When you stick your finger in his stomach, his mouth opens in an expression of sheer agony. Then the recorded sayings are played, all lifted from previous Indiana Jones movies (e.g., "Snakes! Why did it have to be snakes?"). If the mouth moved up and down like a ventriloquist dummy, the effect might work, but because the mouth just hangs open in that painful look of indigestion, Indy appears to be possessed by some ancient Mayan god who is talking through him.

"Burritos! Why did it have to be burritos?!!"

My wife Kathy and I have become hooked on the new Dr. Who series, especially since David Tennant took over the role. One day, Kathy surprised me with a David Tennant-version Dr. Who action figure. I had seen the smaller, molded plastic versions on eBay, but this is a 12" figure with cloth clothing. The accessories are pretty skimpy with just the sonic screwdriver, but the tight-fitting suit is spot on. I'm in the process of designing a 1/6th scale TARDIS to go with the figure, but I have to find some time to use my brother's workshop to put it together.

Finally, I was sad to see that my local hobby shop closed this summer. When I was single and living in Dundalk, one of the few advantages of living in my neighborhood was being able to walk to this nifty hobby shop to pick up models and model-building supplies whenever I needed them. Just before I got married, I moved to a house in Towson and was relieved to discover a similar hobby shop within walking distance.
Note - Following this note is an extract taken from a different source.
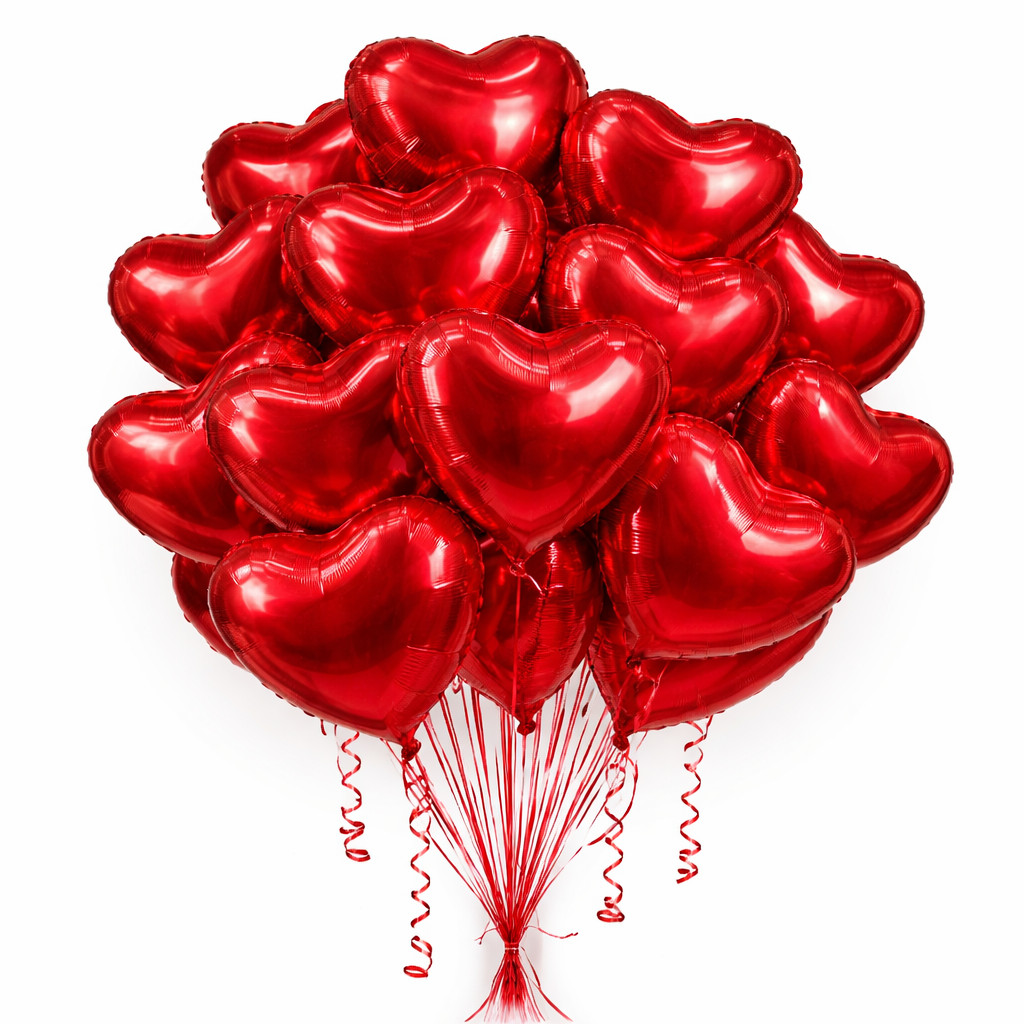 KIt 50 unidades-  Balão Metalizado Coração VERMELHO - 40cm -18 Polegadas P/Festa Decoração- Dia das Mães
If I happened to be working on a model or action figure and discovered I needed glue or a particular color of paint, I could just wander down to the hobby shop and pick it up. Well, the owners decided to retire and I will now have to get in the car and expel carbon gases into the atmosphere to get to my nearest hobby store. Before the store closed, I went in to see what they had on sale. Sadly, all the model kits I was interested in had already been sold, so I settled for a kit of the U.S.A.F. Bell X-1 Rocket. I'm not really interested in building it as a complete model, but I thought I would use it for parts on some other custom project (whatever that may be).

As I bought the kit, I had hoped to find some pithy thing to say to the owners on my final visit to the store. The woman at the register thanked me for my years of patronage, and I thanked them as well and left. No big speech or teary farewell. I wish I wasn't so afraid of expressing my feelings in such moments. I always let them slip away and regret it later. I will miss that little shop, though.

Well, that was my summer. I hope to get more into the swing of things in the coming months and post more frequently. The crisp Fall weather always gives me a jolt of adrenalin, so I'm eager to make use of it.